Even more problematic is the fact that The Ledge is not the film it purports to be:
Despite ostensibly resembling a thriller, The Ledge is actually quite a talky and slow-paced film constructed around a series of set pieces in which characters deliver extended speeches for and against a belief in God. Given that Chapman places so much emphasis on these speeches it seems safe to assume that The Ledge is intended to be a film about ideas. Unfortunately, Chapman’s attempt to make a film about the clash between atheism and religion fails on two levels: Firstly, none of the ideas contained in The Ledge are particularly new or profound. In fact, the characters of Gavin and Joe are so unsympathetic and intellectually stilted that it rapidly becomes clear that Chapman has just as little insight into atheism as he does into religious fundamentalism. Instead of providing us with well-rounded characters and thought-provoking ideas, Chapman delivers banal caricatures filled with nothing more than hot air.

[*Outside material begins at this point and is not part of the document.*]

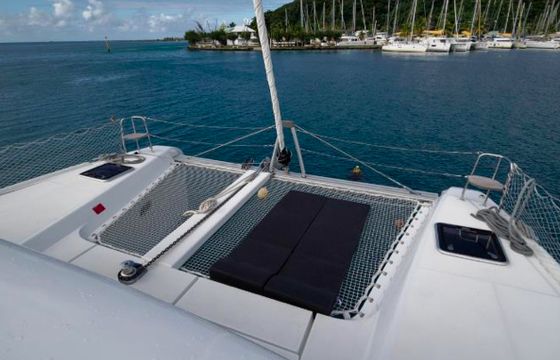 Lagoon 42
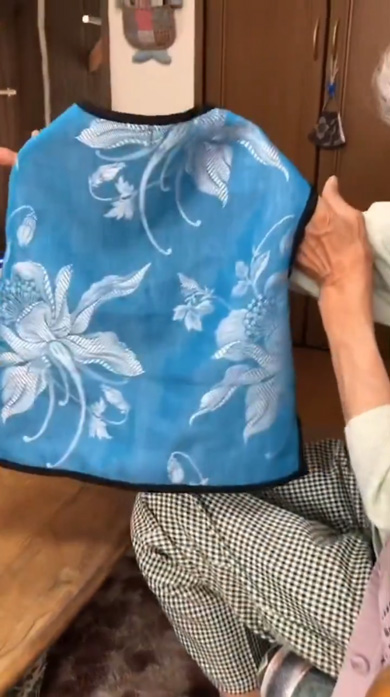 おばあちゃん 手作り 柴犬 洋服 衣装 愛犬 6着目 ミシン 手縫い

Secondly, despite bloating the film’s running time and draining the thriller elements of all urgency and tension, the polemical aspects of the film are so poorly integrated into the plot that they seem more like a distraction than a primary focus. Look beyond the PR guff about ideas and The Ledge reveals itself to be little more than a squalid melodrama about a traditional love triangle.
Even more problematic is that, once you strip away all the God-talk, The Ledge is revealed to be a deeply misogynistic piece of filmmaking. At the heart of the film is a confrontation between two individuals who are so convinced of their moral and psychological superiority that they feel utterly entitled to the love of a beautiful woman. Indeed, while Joe dominates Shana by dragging her to a series of increasingly repressive churches, Gavin dominates her using mind games designed to make her fall in love with him. The Ledge is a profoundly misogynistic film because both forms of domination not only succeed but also go completely unchallenged by a director who refuses us all access to Shana’s thoughts and feelings. Denied both agency and meaningful self-expression, the character of Shana is nothing more than an empty vessel for the desires of selfish and hateful men. Time and again, Shana is given the opportunity to speak up for herself but instead Tyler simply stares impassively into the camera like a beautiful doll whose sole purpose in life is to be owned by an alpha male.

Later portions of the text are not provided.